## What is being asked
Keep every word of the entries and print them exactly; the pictures stay out.

[Captioned web image data]
= Beginning of Section =
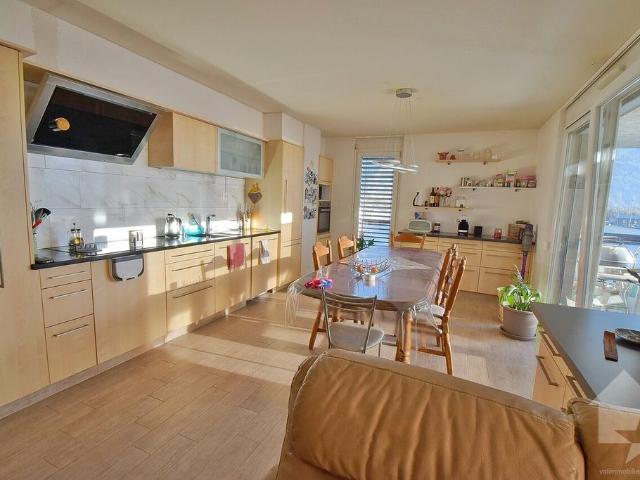 Apartment kaufen in Dugny, Leytron, Wallis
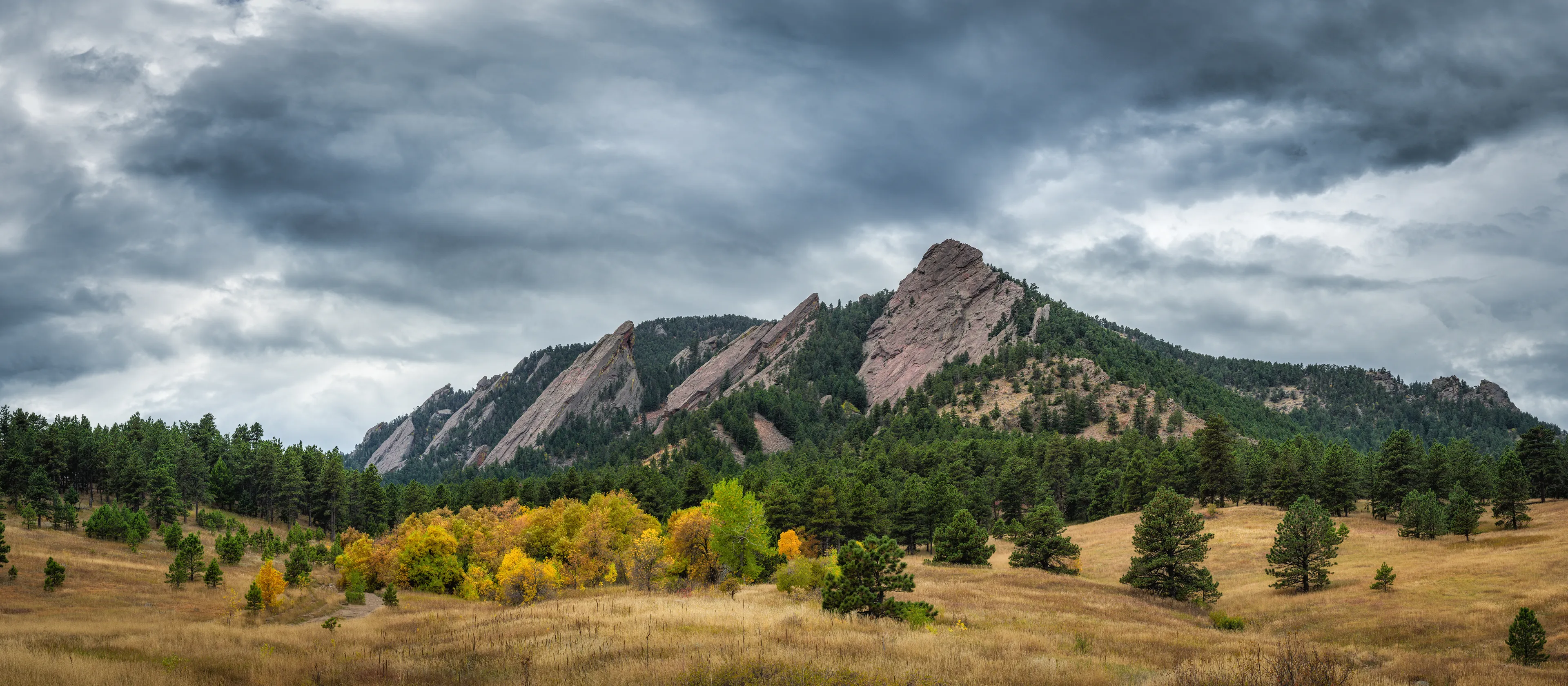 Boulder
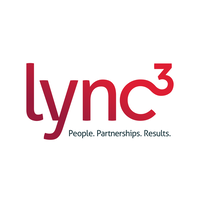 Lync3, LLC logo, Lync3, LLC contact details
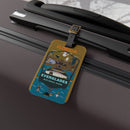 EVERGLADES VERSION 2 Luggage Tag-5
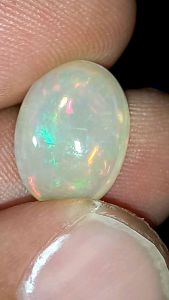 Natural Kalimaya 4.55ct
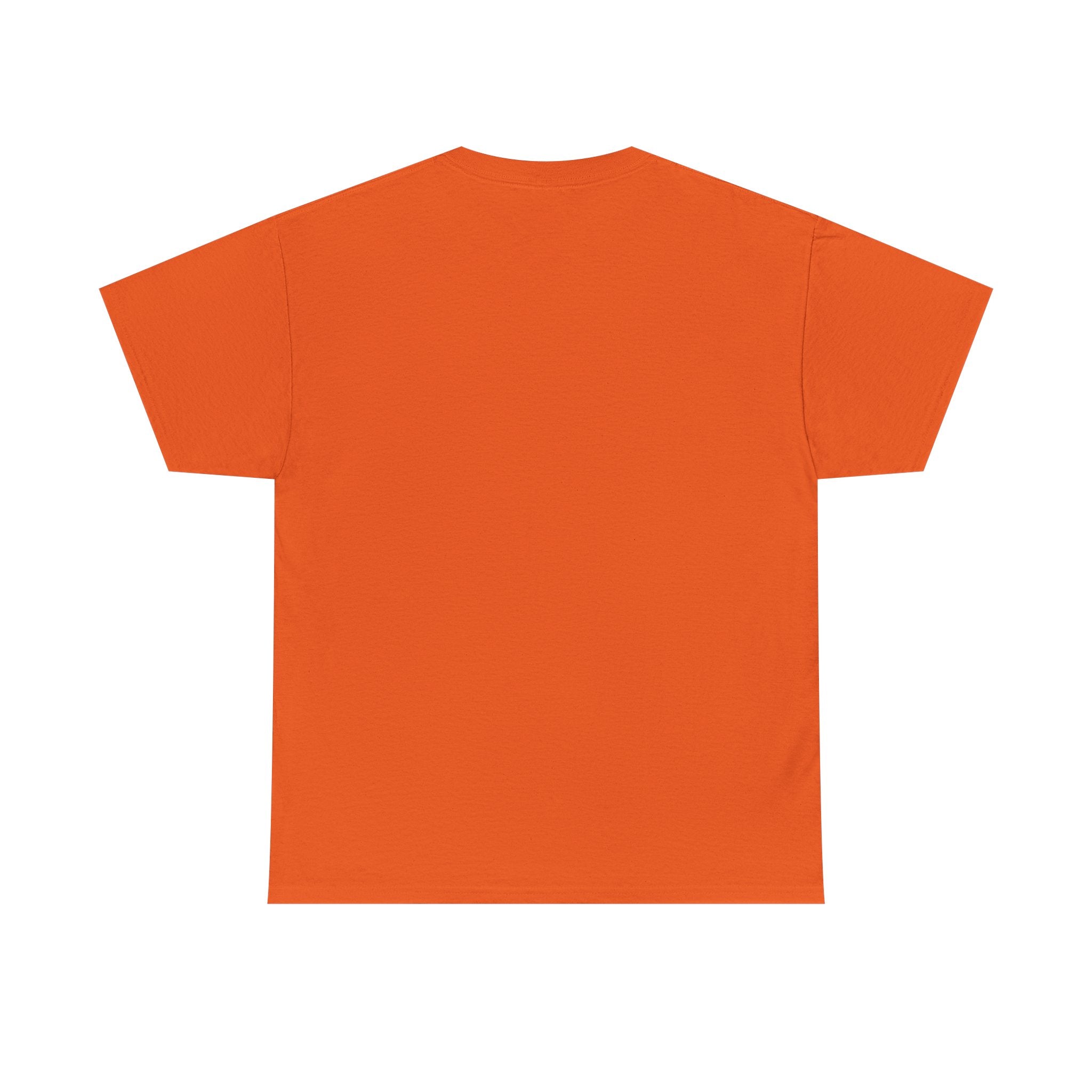 Deer Yelling Funny Tee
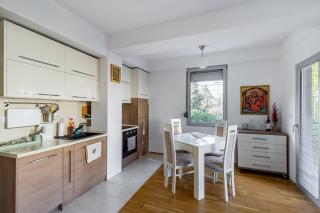 Skopje&Joy Central Flat - 3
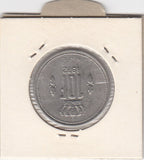 S12-G08-0233 Luxemburg 10 franc 1972  XF KM57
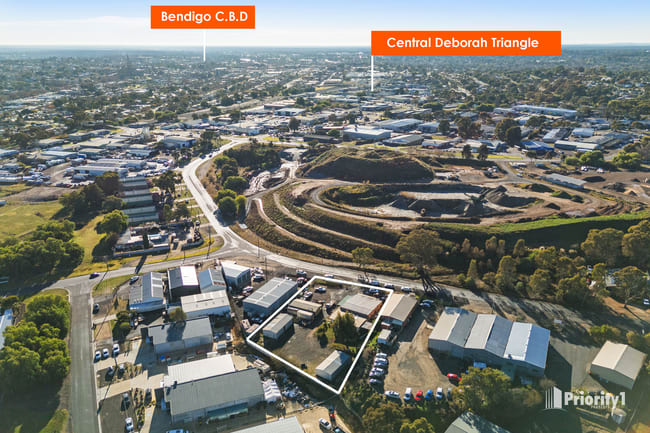22 Belle Vue Road Golden Square VIC 3555 22 Belle Vue Road Golden Square VIC 3555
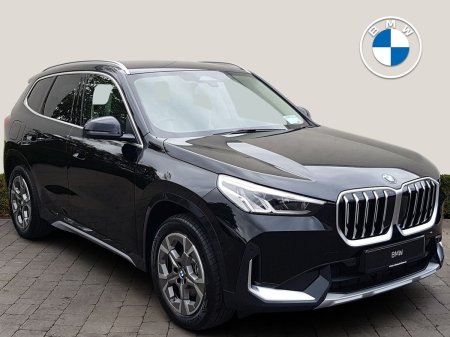 2026 BMW X1 sDrive18d xLine
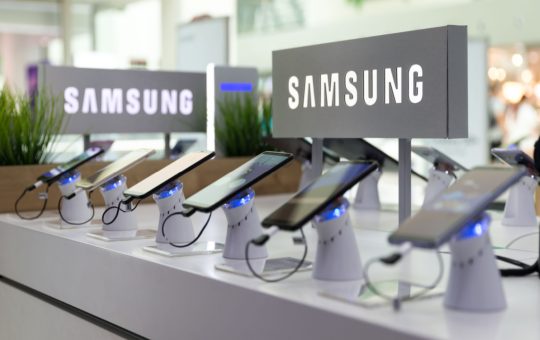 Samsung Signs MOU to Build Galaxy NFT Ecosystem – Metaverse Bitcoin News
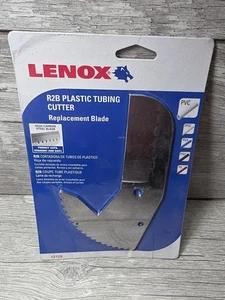 Lenox R2B Plastic Tubing Cutter Replacement Blade 12128 - Picture 1 of 3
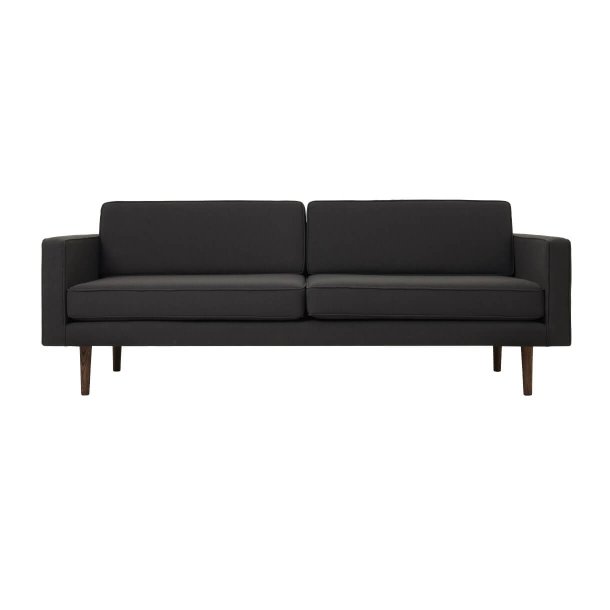 Wind 3-personers sofa - Coffee 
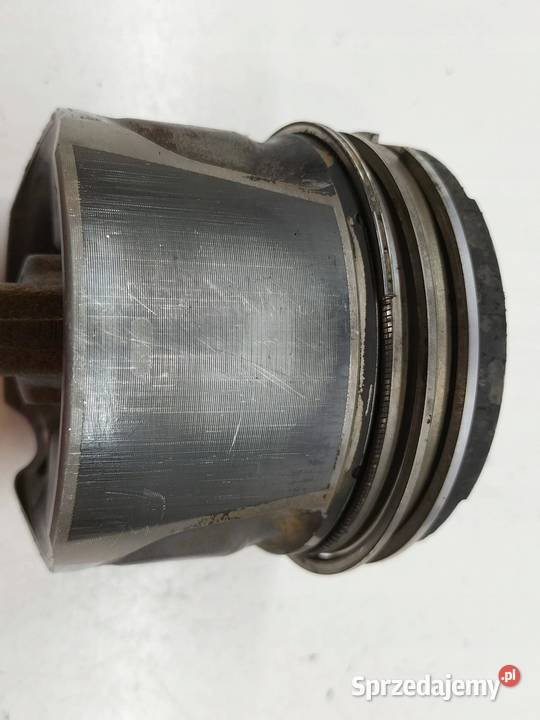 TŁOK KORBOWÓD v81L118 24 D Volvo S60 I 20002009 Rok produkcji 2006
= End of Section =
## Exercise response
 Apartment kaufen in Dugny, Leytron, Wallis
 Boulder
 Lync3, LLC logo, Lync3, LLC contact details
 EVERGLADES VERSION 2 Luggage Tag-5
 Natural Kalimaya 4.55ct
 Deer Yelling Funny Tee
 Skopje&Joy Central Flat - 3
 S12-G08-0233 Luxemburg 10 franc 1972  XF KM57
22 Belle Vue Road Golden Square VIC 3555 22 Belle Vue Road Golden Square VIC 3555
 2026 BMW X1 sDrive18d xLine
 Samsung Signs MOU to Build Galaxy NFT Ecosystem – Metaverse Bitcoin News
 Lenox R2B Plastic Tubing Cutter Replacement Blade 12128 - Picture 1 of 3
 Wind 3-personers sofa - Coffee 
 TŁOK KORBOWÓD v81L118 24 D Volvo S60 I 20002009 Rok produkcji 2006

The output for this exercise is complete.